Accuweather. I like this weather app because it gives you a quick current weather notification when you swipe down from the top of the screen. 


GSam Battery Monitor for an accurate look at your current battery status (see Accuweather above) plus an idea of where that battery usage is coming from. There's a paid version as well as free. 


Look for your favorite news outlets and TV networks also - many have apps where you can watch episodes.

Calculator Plus is a nice calculator.


Old Time Radio Player - listen to old school radio dramas and comedies. Fun if you like that kind of nostalgia. 


Almost forgot Pocket! Great for saving web articles in one spot for reading later.

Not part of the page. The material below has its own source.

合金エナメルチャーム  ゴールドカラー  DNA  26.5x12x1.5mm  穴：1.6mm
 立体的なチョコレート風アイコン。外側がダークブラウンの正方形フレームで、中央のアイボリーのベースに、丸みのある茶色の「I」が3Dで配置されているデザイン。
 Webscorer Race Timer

One of my favorites. And you can put it on your computer too for reading across platforms. 


If you find yourself frustrated by the standard email app, try [email protected] More customizable, & allows you to download long emails that might get truncated.


One last one...Zinio. Also has to be sideloaded. This is an app for magazines. You used to get a coupon for signing up, don't know if they still do that. But I've picked up a couple of very cheap subscriptions using coupons they occasionally send. Plus I read articles from various magazines/periodicals free on their site. Directions for loading Zinio on the Fire here: http://www.zinio.com/help/ Or you can get it from 1mobile.com. 
http://www.1mobile.com/zinio-94831.html

Edited to add links...


----------



## ireadbooks (Jan 11, 2011)

The Share feature is wonderful; I use it to easily tweet and email pics directly from the Fire.

You can change the color, brightness, and saturation. You can also crop, add text, and add frames. It works for pics you take on-the-go as well as those already on your device.


----------